Spitze Tipis und breit ausladende Armeezelte bestimmten am Wochenende das Bild rund um das idyllisch gelegene Reinheimer Schützenhaus in der Schaubach. Eine Wiese war frei gehalten worden für die „Blech-Tipis“, wie die Wohnwagen bei den Hobbyisten genannt werden. Zum 18. Mal hatte der Schützenverein 1954 Reinheim zum Westerntreffen eingeladen – und viele kamen zu dieser mittlerweile in ganz Deutschland bekannten Veranstaltung.
Für viele hat das Reinheimer Westerntreffen einen festen Platz im Kalender, einige nehmen weite Anfahrtswege in Kauf. „Wir konnten auch diesmal wieder Freunde aus dem oberbayerischen Traunreuth begrüßen, und Westernfreunde aus Erlangen waren jetzt schon zum zehnten Mal bei uns“, sagt Winfried Emich vom Vorstand des Schützenvereins, der schon von Anfang an die Organisation der Treffen verantwortet.
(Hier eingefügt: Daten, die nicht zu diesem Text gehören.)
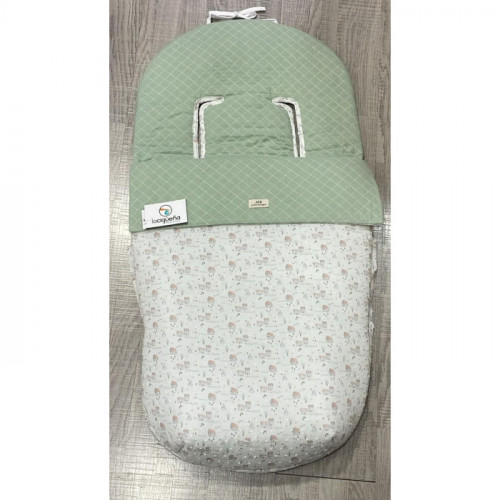 SACO SILLA 885 AINSA VERDE...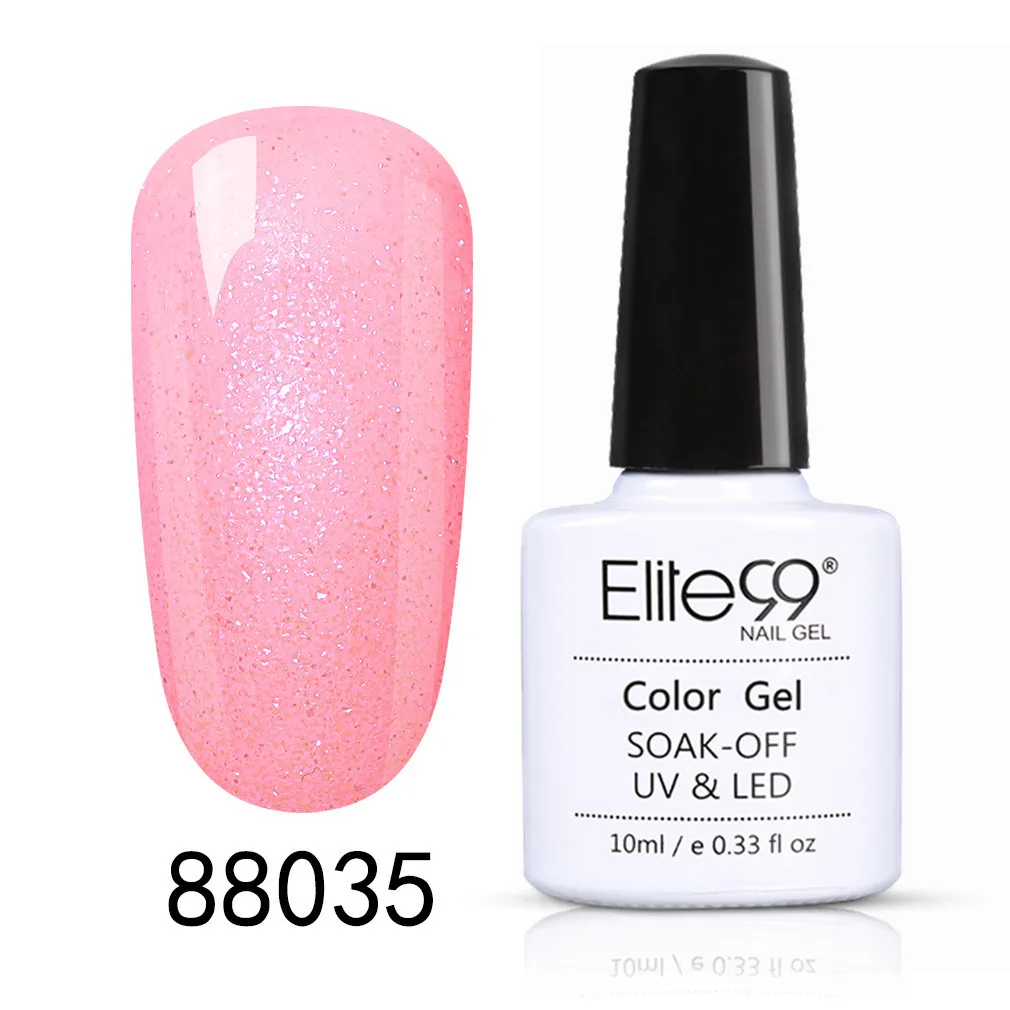 88035 Elite99 10 мл сменный Гель-лак для нейл-арта мрамор Halo эффект гель Перманентный лак для ногтей замачиваемый маникюрный гель для ногтей лак - Цвет: 88035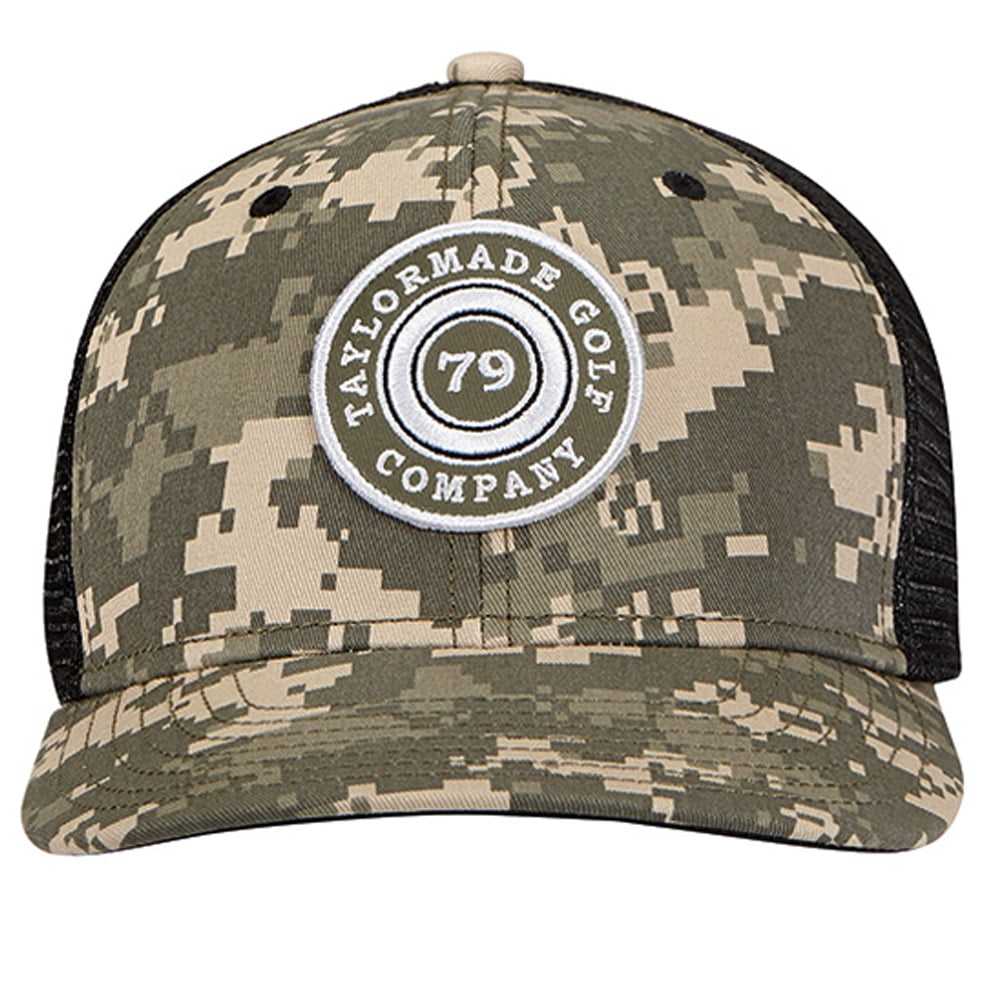 taylormade camo golf hats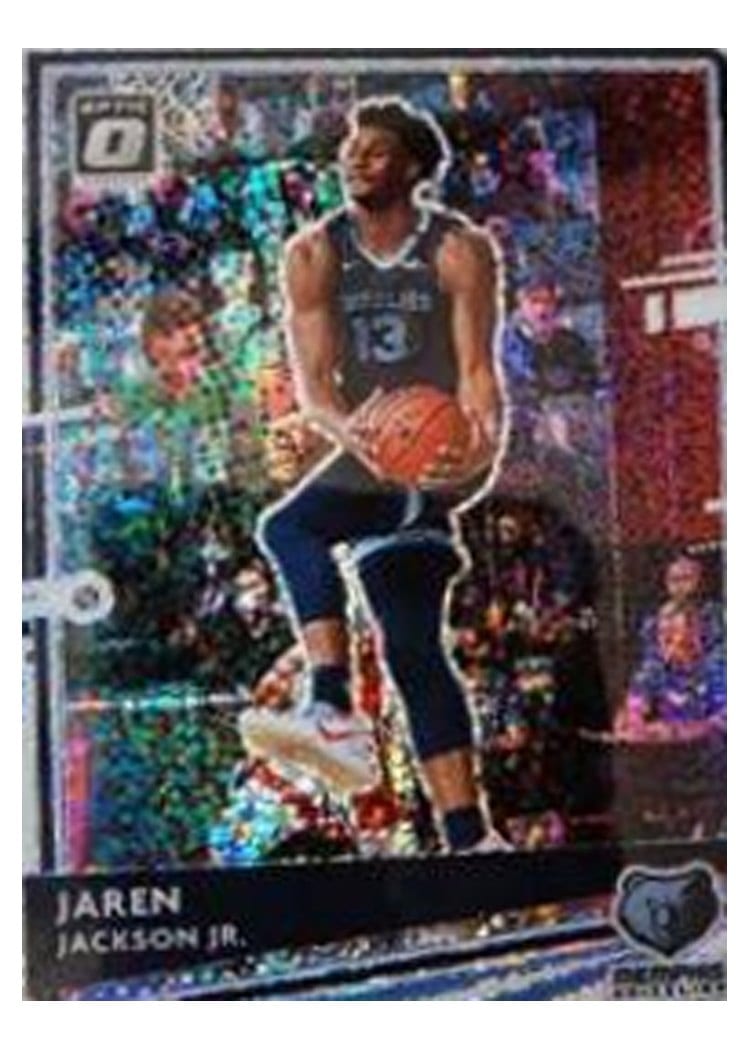 2020-21 Donruss Optic Base Set Jaren Jackson Jr. #16 card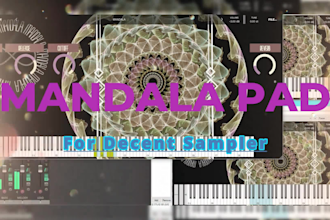build your virtual instrument for decent sampler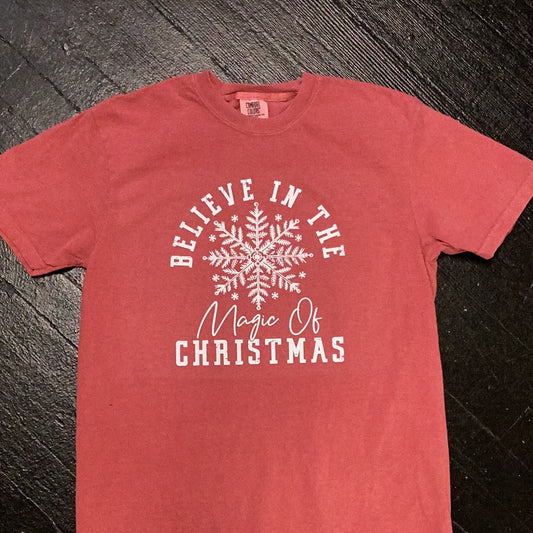 Magic of Christmas tee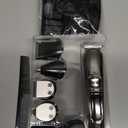 Ufree Beard Trimmer for Men, Waterproof Electric Razor for Nose, Body, Face & Mustache, Cordless Hair Clippers Shavers Grooming Kit, Gifts for Men Husband Father (Silver)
Schon am Freitag waren die meisten angereist, liefen Indianer, Cowboys, Süd- und Nordstaaten-Soldaten in friedlicher Eintracht durcheinander. Alles wartete auf die offizielle Eröffnung, den Startschuss. Und der wurde dann um 18 Uhr abgefeuert – aus 21 Kanonen und Standböllern. Pulverrauch stieg auf, und der Donner rollte laut von der Anhöhe übers Gersprenztal. Danach wurde gegrillt, und dafür hatten sich die Reinheimer eine besondere Überraschung ausgedacht: Es gab Pferdesteaks. „Butterzart und würzig. Alle waren schnell verzehrt“, so Emich. Western-Atmosphäre konnte man so wirklich mit allen Sinnen genießen.
Hochbetrieb herrschte, begünstigt durch das sommerliche Wetter, am Samstagabend, als der Schützenverein zum Country-Abend mit Live-Musik eingeladen hatte. „Da fanden auch viele Reinheimer den doch etwas weiten Weg in die Schaubach, um mit uns zu feiern“, freute sich Winfried Emich.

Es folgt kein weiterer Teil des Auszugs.